Veridiana Aleixo/Divulgação
Veridiana Aleixo/Divulgação

Curador fala sobre novidades do 11º Festival de Arte de Serrinha

Parque de Instalações a céu aberto é novidade em 2012; evento celebra a 'possibilidade da diferença'

LAURO LISBOA GARCIA , ESPECIAL PARA O ESTADO, O Estado de S.Paulo

06 Julho 2012 | 03h09

Com o tema Muitos Irmãos, celebrando "a possibilidade da diferença", o cenógrafo e artista plástico Fabio Delduque realiza a partir de amanhã a 11.ª edição do Festival de Arte Serrinha, em Bragança Paulista, que une diversas modalidades artísticas - música, cinema, fotografia, gastronomia, artes visuais - em oficinas, performances, encontros e shows musicais em vários ambientes. Uma das novidades deste ano é a criação do Parque de Instalações a céu aberto. Outra é o Teatro Rural, que será inaugurado no último dia do festival. "São muitas frentes", diz o artista e curador.

A fazenda já tem várias obras de artistas que são resultados de oficinas realizadas nas edições anteriores do festival. Elas estarão juntas no Parque de Instalações. Como será esse parque?

A ideia é que sejam todas peças criadas para o espaço. Existem alguns projetos que já estão até bem desenhados. Dudi Maia Rosa quer fazer duas torres espelhadas. Rochelle Costi quer fazer umas escadas em espiral, Carlos Fajardo quer fazer um trabalho com tijolos. A única obra pronta que a gente levaria para lá seria uma de Frans Krajcberg, mas dependeria de uma doação dele. Estou querendo procurá-lo para mostrar o projeto. Obviamente não temos como adquirir uma obra dele de galeria, mas acredito que ele seja sensível a um projeto como esse.

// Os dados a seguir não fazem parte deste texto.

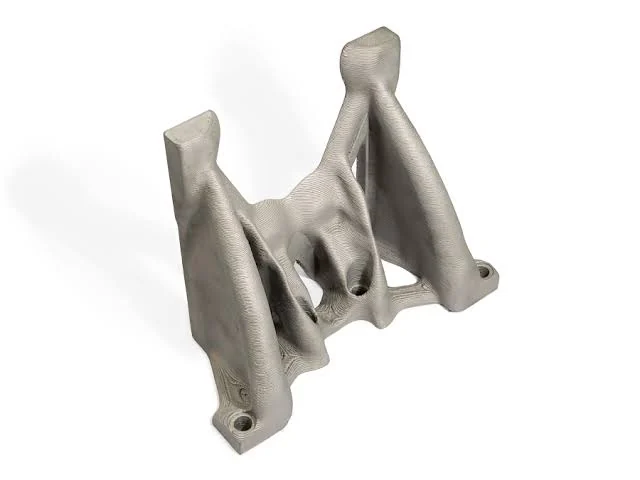 Motorsteun in RVS, geprint met Meltio wire-laser DED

Por falar em sensibilidade, todo ano é uma batalha conseguir apoio e patrocínio para o festival, que tem procurado unir arte e educação. Este ano você conseguiu maior participação do governo do Estado, por exemplo?

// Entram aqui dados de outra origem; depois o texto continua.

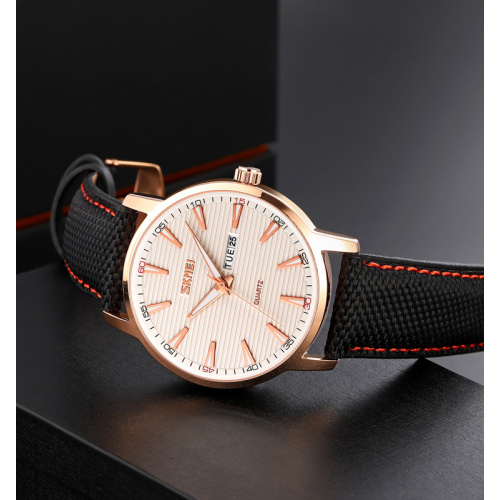 Часы мужские Skmei 9303RGSI Rose Gold-Silver-2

Durante a negociação do festival deste ano tive um monte de reuniões com as Secretarias Estaduais de Cultura e Educação e entendi que tem uma possibilidade incrível de integração. Temos também apoio das secretarias municipais de Bragança. A gente este ano tem um programa de bolsas focado nos professores da rede pública, que são um dos públicos alvos do projeto para o ano que vem. A ideia é ter na Serrinha uma atividade que seja anual, que seja mais concentrada no festival, mas que tenha o ano todo. Existem diversas possibilidades que estamos negociando, dentre elas a Unesp, via Zé Espanhol, Agnus e Sérgio Romagnolo, que são professores artistas. A ideia é que os cursos de extensão universitária possam fazer residência na Serrinha algumas vezes por ano. Vamos fazer uma experiência agora no segundo semestre. Outro ponto é a criação de cursos para formação de professores, que a gente está articulando com as Secretarias de Cultura e Educação. A gente teria um projeto pedagógico criado a partir das obras existentes na Serrinha e outras que virão.

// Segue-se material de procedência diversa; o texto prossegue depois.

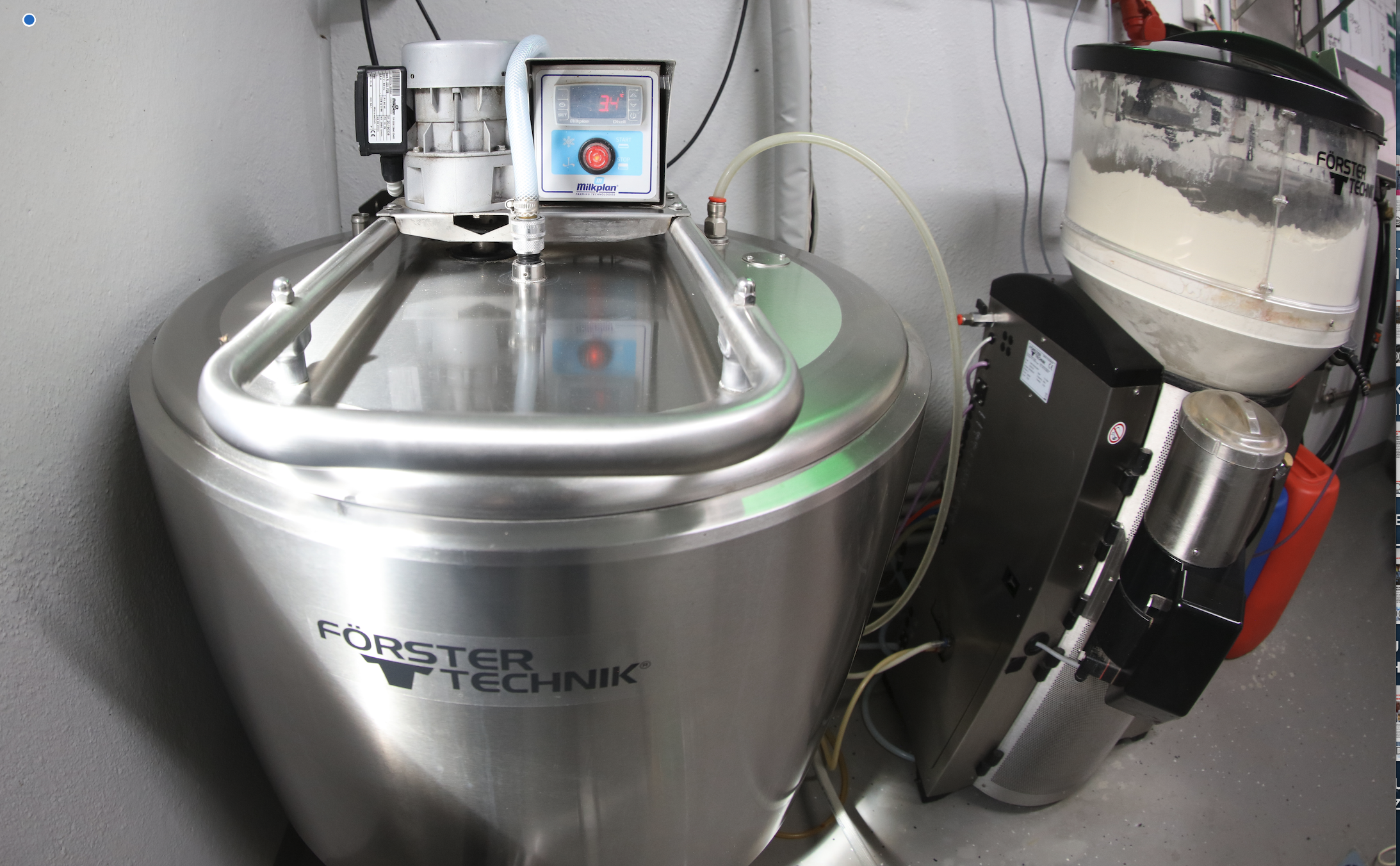 SmartTank: Safely store fresh milk in a cooled environment.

Como é o Teatro Rural? O que está previsto na programação?

O teatro é de madeira e terá um palco que abre para a floresta de eucalipto. Então é tipo um Auditório do Ibirapuera, só que no meio do mato. A inauguração vai ser no último dia do festival. Em dezembro já vamos ter um festival de música instrumental, que terá Yamandú Costa, Trio Curupira e Bocato, entre outros. No ano que vem vai ter uma programação direta de teatro e show mais intimistas e também vai abrir para oficinas durante o festival todo. A capacidade é para 200 pessoas.

A ideia de intercâmbio entre as várias artes é uma das qualidades do festival, como você vê outros festivais pelo Brasil?

Nessa peregrinação anual pelos festivais aprendo muita coisa, mas percebo também que há pouca troca. Participei da última Bienal de São Paulo e conheci no máximo o cara que estava montando a obra do lado da minha. Não existe muito intercâmbio que é o que move o Festival de Arte Serrinha. A ideia também é levar o resultado dos trabalhos na Serrinha para fora. De 30 de agosto a 4 de setembro vai ter uma exposição no Paço das Artes em São Paulo.